### ACTIVITY
Provide again, from the entries below, every line from the one containing "Niños felices juntos en la naturaleza" through the one containing "Foto di attraente", exactly as written, and no other line.

### INFORMATION
<<<<
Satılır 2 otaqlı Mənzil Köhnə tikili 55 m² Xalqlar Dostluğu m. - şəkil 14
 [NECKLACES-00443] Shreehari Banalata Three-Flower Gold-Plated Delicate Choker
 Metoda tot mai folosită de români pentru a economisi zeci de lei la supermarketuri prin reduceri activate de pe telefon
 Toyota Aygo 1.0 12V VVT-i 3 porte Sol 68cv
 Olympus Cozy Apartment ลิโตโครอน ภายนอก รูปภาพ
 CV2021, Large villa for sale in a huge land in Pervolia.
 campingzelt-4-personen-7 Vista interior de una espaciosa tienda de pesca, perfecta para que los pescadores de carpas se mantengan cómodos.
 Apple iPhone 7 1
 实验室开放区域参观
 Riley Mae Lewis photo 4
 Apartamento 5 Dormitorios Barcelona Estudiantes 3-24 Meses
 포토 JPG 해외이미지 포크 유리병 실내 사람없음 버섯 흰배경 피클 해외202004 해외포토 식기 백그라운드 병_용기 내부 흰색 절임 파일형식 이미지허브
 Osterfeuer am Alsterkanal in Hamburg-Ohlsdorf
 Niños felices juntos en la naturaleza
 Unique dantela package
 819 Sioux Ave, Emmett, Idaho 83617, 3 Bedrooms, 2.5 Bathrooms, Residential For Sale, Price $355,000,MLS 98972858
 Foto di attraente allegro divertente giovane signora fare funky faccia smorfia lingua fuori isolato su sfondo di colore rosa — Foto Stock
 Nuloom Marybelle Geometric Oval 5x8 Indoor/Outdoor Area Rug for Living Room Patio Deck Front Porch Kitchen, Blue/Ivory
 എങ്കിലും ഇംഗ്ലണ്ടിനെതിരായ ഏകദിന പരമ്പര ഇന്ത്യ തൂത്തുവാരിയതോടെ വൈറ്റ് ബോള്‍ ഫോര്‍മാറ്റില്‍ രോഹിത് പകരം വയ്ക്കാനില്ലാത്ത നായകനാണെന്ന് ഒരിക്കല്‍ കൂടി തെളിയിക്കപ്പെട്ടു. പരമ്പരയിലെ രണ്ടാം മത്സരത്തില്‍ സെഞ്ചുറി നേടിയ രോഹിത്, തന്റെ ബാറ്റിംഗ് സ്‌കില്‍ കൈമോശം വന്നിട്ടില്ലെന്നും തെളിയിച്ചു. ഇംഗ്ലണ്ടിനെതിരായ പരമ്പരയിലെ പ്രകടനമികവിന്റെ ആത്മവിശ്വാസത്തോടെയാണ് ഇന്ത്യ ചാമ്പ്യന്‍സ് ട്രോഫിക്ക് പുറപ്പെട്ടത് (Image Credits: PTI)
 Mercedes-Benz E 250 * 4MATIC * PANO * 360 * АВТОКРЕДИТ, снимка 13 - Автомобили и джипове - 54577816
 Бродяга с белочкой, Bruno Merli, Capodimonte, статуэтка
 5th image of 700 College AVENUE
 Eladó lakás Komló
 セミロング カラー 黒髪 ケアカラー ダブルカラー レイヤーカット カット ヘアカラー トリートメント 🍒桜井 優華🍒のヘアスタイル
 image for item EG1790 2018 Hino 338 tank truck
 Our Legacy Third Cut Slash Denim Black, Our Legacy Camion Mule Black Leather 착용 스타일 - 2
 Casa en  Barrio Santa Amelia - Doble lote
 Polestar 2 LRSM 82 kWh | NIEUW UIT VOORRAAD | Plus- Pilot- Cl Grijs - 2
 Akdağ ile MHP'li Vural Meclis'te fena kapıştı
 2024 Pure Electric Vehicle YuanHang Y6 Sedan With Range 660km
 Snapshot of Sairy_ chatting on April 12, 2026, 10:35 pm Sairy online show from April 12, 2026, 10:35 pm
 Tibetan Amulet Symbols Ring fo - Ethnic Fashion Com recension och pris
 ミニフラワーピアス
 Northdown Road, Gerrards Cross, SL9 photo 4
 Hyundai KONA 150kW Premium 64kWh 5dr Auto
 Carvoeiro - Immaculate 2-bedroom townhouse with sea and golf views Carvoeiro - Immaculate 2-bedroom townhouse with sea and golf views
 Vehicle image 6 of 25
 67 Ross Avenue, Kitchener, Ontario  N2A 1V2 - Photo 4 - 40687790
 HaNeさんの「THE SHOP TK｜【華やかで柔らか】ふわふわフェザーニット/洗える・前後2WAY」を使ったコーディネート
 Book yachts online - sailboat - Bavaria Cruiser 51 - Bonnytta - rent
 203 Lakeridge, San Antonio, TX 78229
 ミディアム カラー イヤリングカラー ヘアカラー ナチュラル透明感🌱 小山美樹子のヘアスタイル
>>>>
### RESPONSE
 Niños felices juntos en la naturaleza
 Unique dantela package
 819 Sioux Ave, Emmett, Idaho 83617, 3 Bedrooms, 2.5 Bathrooms, Residential For Sale, Price $355,000,MLS 98972858
 Foto di attraente allegro divertente giovane signora fare funky faccia smorfia lingua fuori isolato su sfondo di colore rosa — Foto Stock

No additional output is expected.